*EXERCISE INSTRUCTIONS*. Every line of the listing must be reproduced as it stands. Leave the images behind.

━━━━━━━━━━

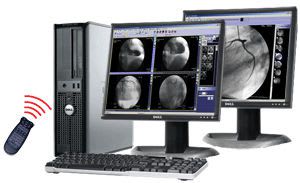 Medical computer workstation / for catheterization laboratory CathView Millensys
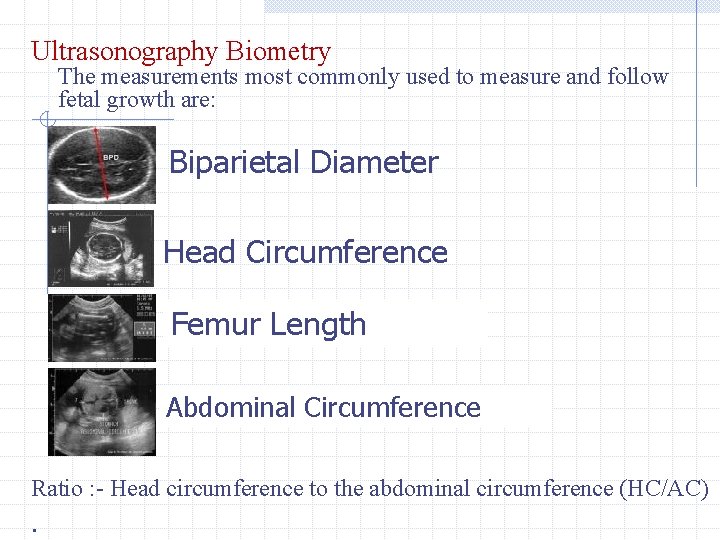 Ultrasonography Biometry The measurements most commonly used to measure and follow fetal growth are:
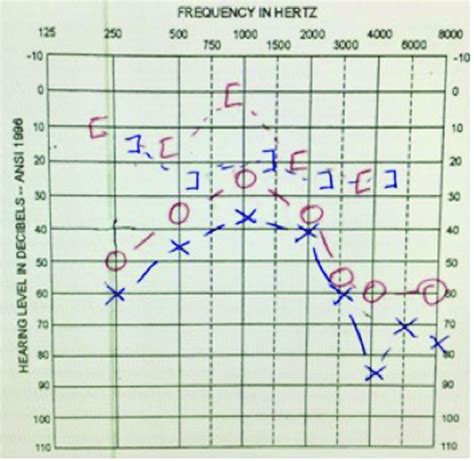 How To Read An Audiogram For Hearing Loss How To Read An Audiogram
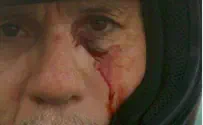 Arab Arrested for Pummeling Jew on Memorial Day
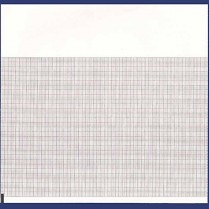 Quest/Eclipse Plus/Atria EKG Paper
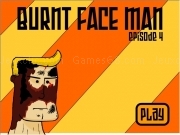 Play Burnt face man - episode 4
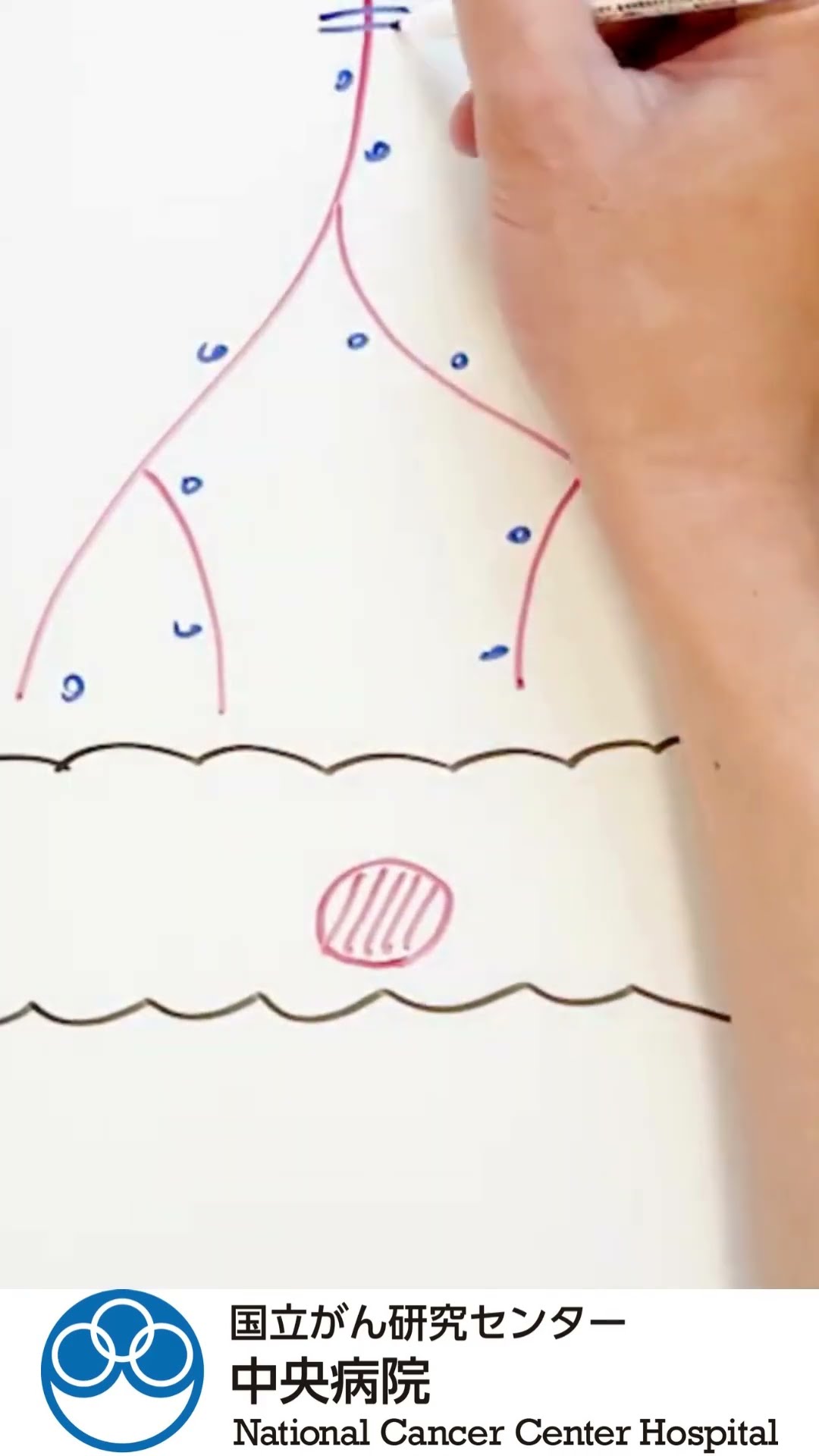 Colon cancer surgery explained in easy-to-understand illustrations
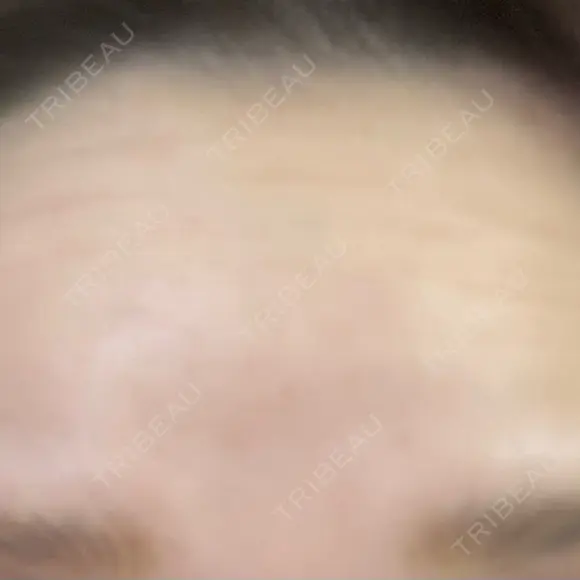 ボトックス（額） / その他（鼻） TCB東京中央美容外科 盛岡院 BEFORE メイン用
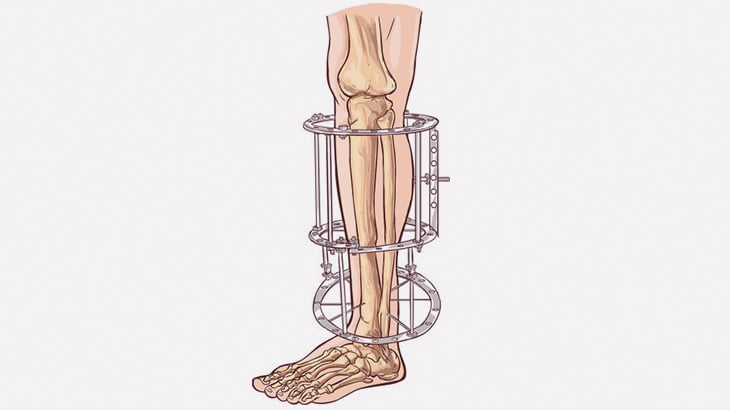 黒人男性「骨延長手術で１６８ｃｍから１８３ｃｍにしてもらったｗｗｗ」（動画）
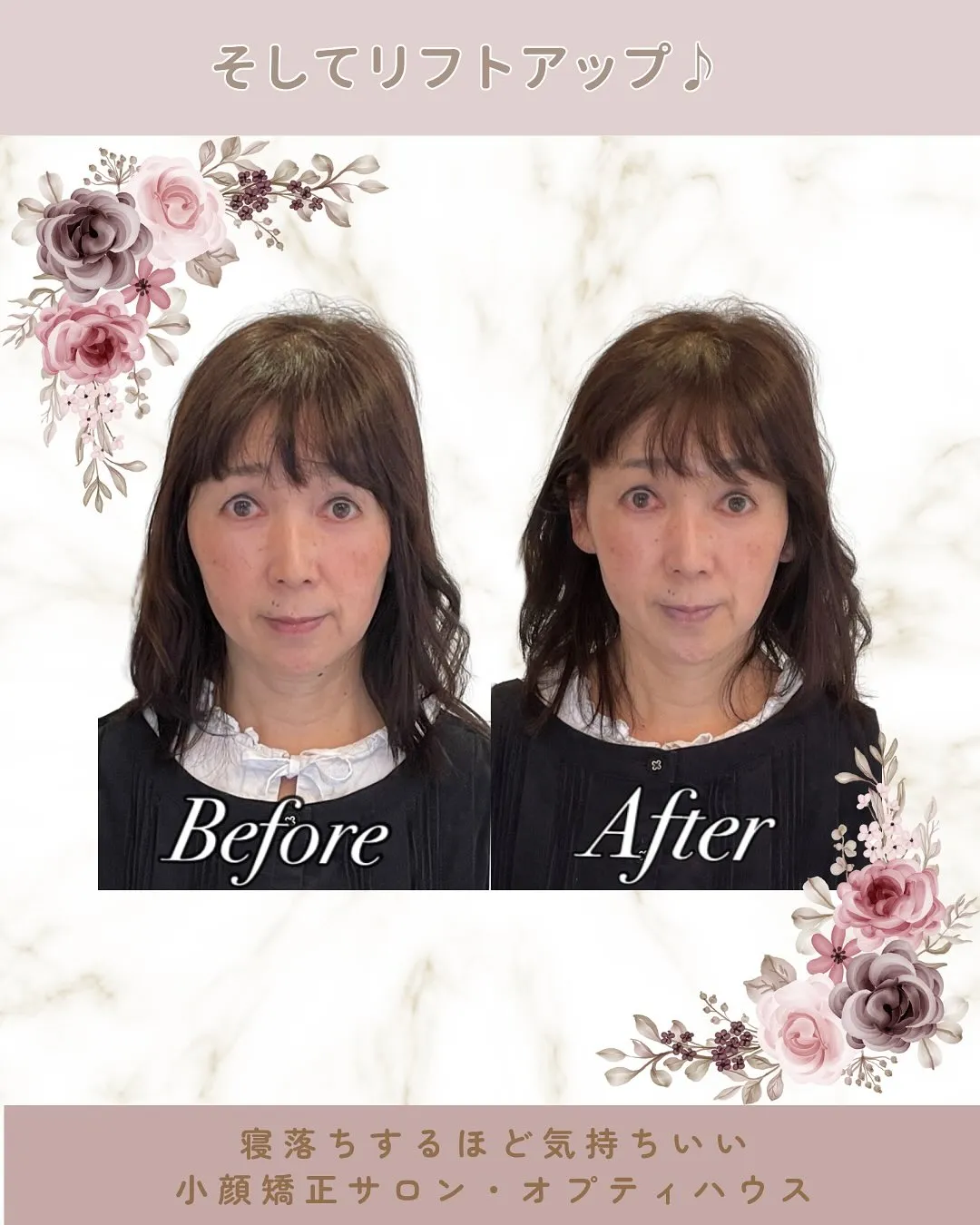 📢【劇的！V字フェイス✨】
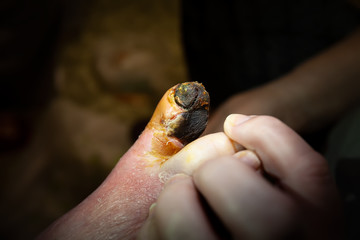 Gangrene of the toe of an old grandmother. Nail blackening, tissue necrosis. Clear boundaries.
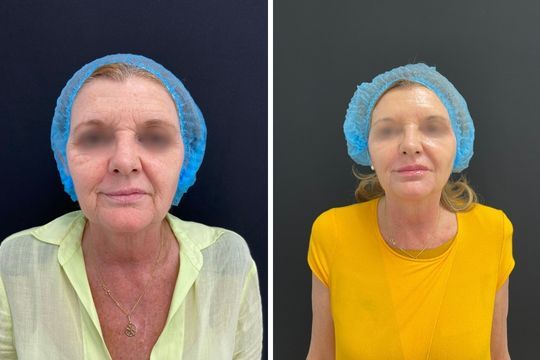 Rejuvenecimiento facial - foto antes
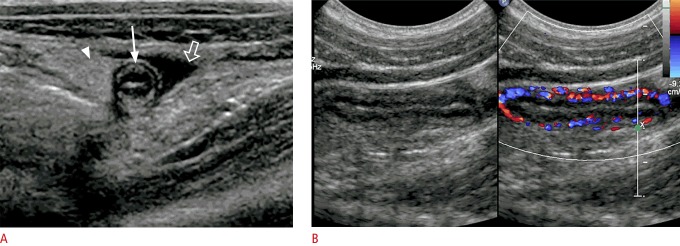 Fig. 14.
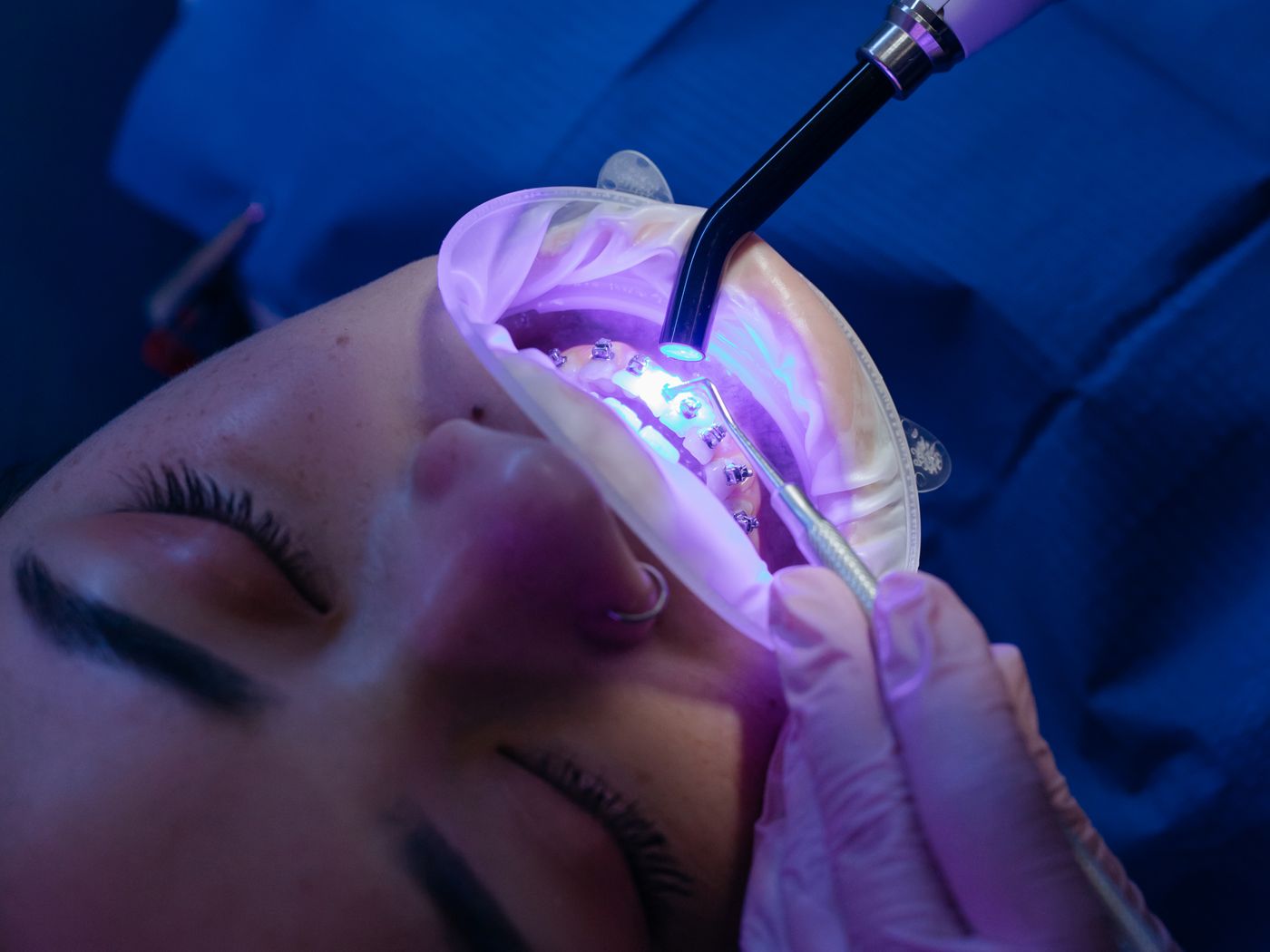 Close-up of teeth fitted with metal orthodontic brackets and archwire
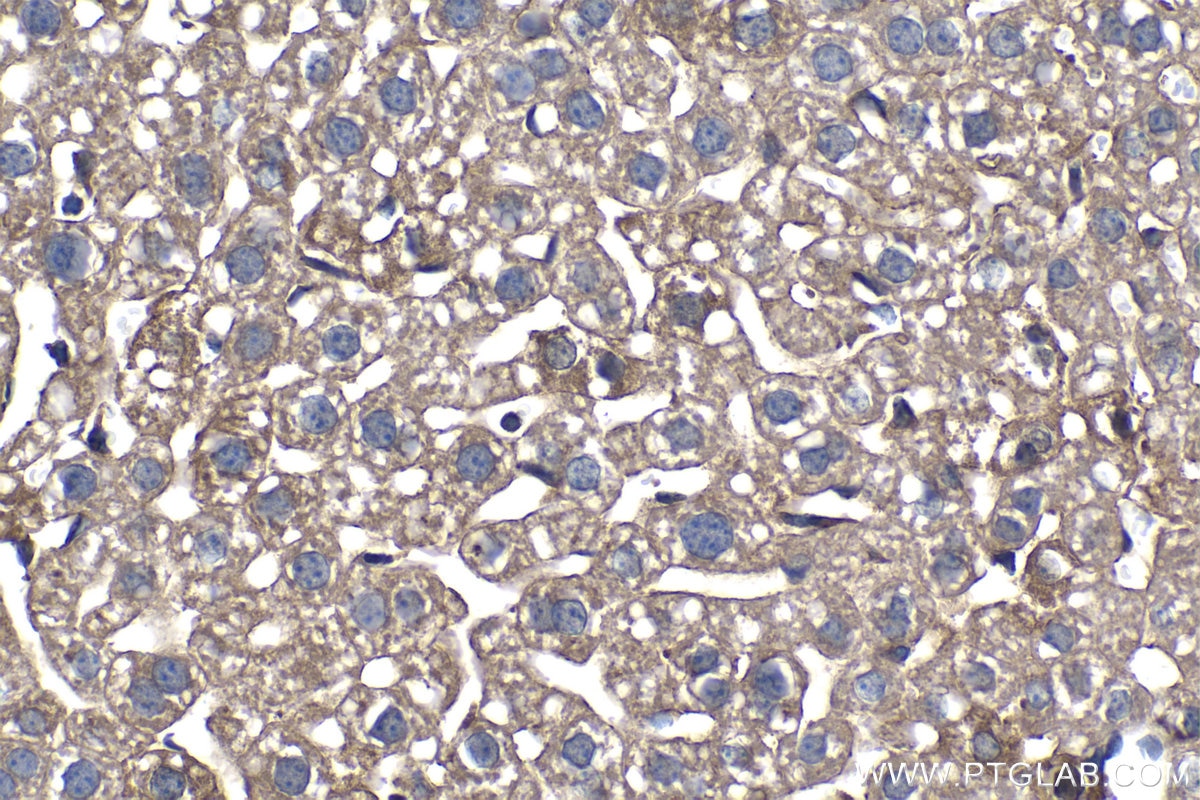 Immunohistochemistry (IHC) staining of mouse liver tissue using PFKL Monoclonal antibody (68385-1-Ig)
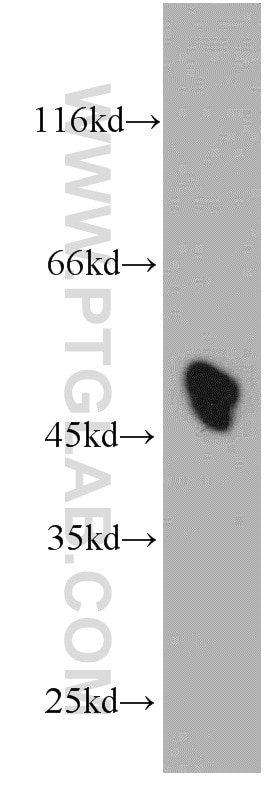 Western Blot (WB) analysis of HeLa cells using ST3GAL5 Polyclonal antibody (14614-1-AP)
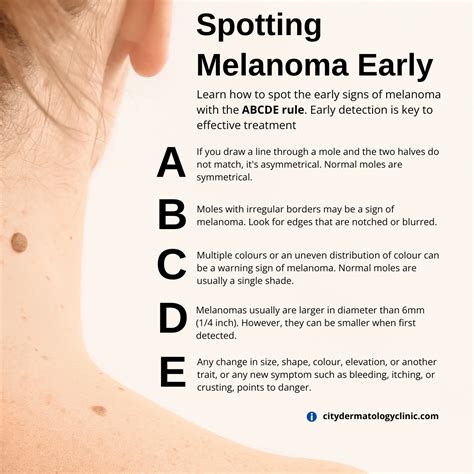 Does Melanoma Itch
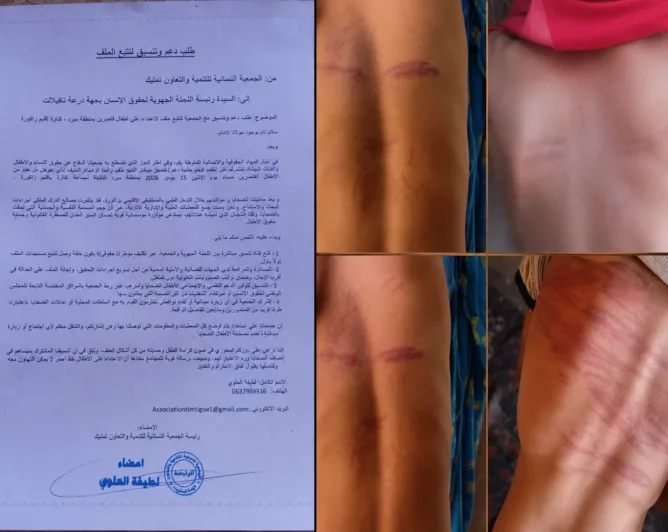 جمعية حقوقية تطالب بتدخل عاجل لمواكبة ملف اعتداء على أطفال بزاكورة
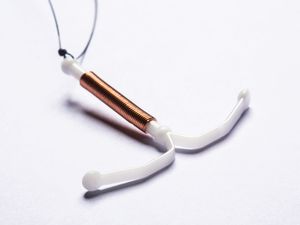 避孕铜IUD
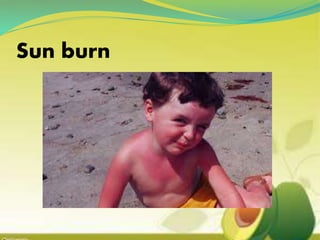 Sun burn
 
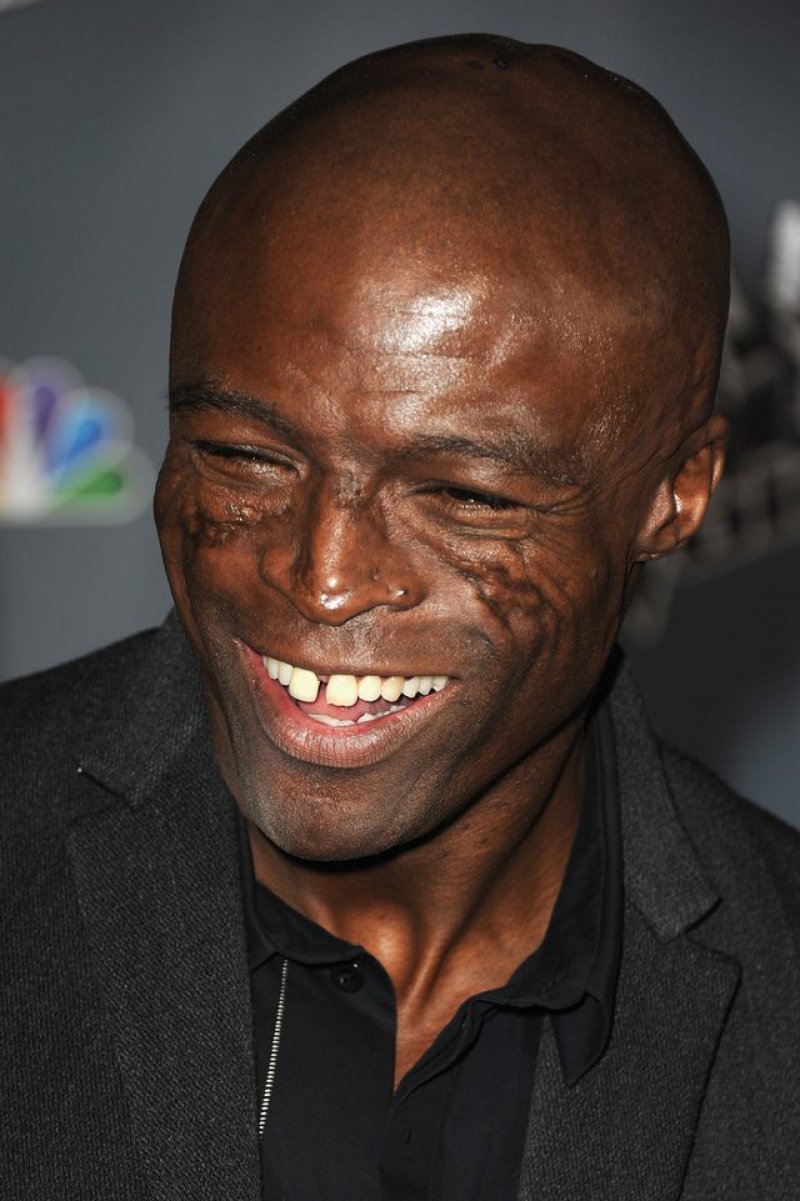 Seal - Cheeks & Face-12 Celebrities With Scars And Deformities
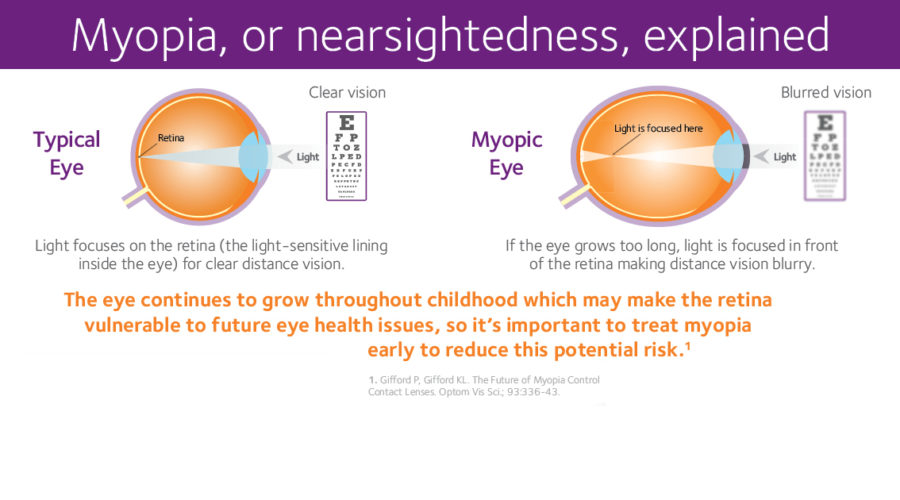 Myopia Sm Post Images 1200 X 630 Pixels 5 900x500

━━━━━━━━━━

*SOLUTION BELOW*.
 Medical computer workstation / for catheterization laboratory CathView Millensys
 Ultrasonography Biometry The measurements most commonly used to measure and follow fetal growth are:
 How To Read An Audiogram For Hearing Loss How To Read An Audiogram
 Arab Arrested for Pummeling Jew on Memorial Day
 Quest/Eclipse Plus/Atria EKG Paper
 Play Burnt face man - episode 4
 Colon cancer surgery explained in easy-to-understand illustrations
 ボトックス（額） / その他（鼻） TCB東京中央美容外科 盛岡院 BEFORE メイン用
 黒人男性「骨延長手術で１６８ｃｍから１８３ｃｍにしてもらったｗｗｗ」（動画）
 📢【劇的！V字フェイス✨】
 Gangrene of the toe of an old grandmother. Nail blackening, tissue necrosis. Clear boundaries.
 Rejuvenecimiento facial - foto antes
 Fig. 14.
 Close-up of teeth fitted with metal orthodontic brackets and archwire
 Immunohistochemistry (IHC) staining of mouse liver tissue using PFKL Monoclonal antibody (68385-1-Ig)
 Western Blot (WB) analysis of HeLa cells using ST3GAL5 Polyclonal antibody (14614-1-AP)
 Does Melanoma Itch
 جمعية حقوقية تطالب بتدخل عاجل لمواكبة ملف اعتداء على أطفال بزاكورة
 避孕铜IUD
 Sun burn
 
 Seal - Cheeks & Face-12 Celebrities With Scars And Deformities
 Myopia Sm Post Images 1200 X 630 Pixels 5 900x500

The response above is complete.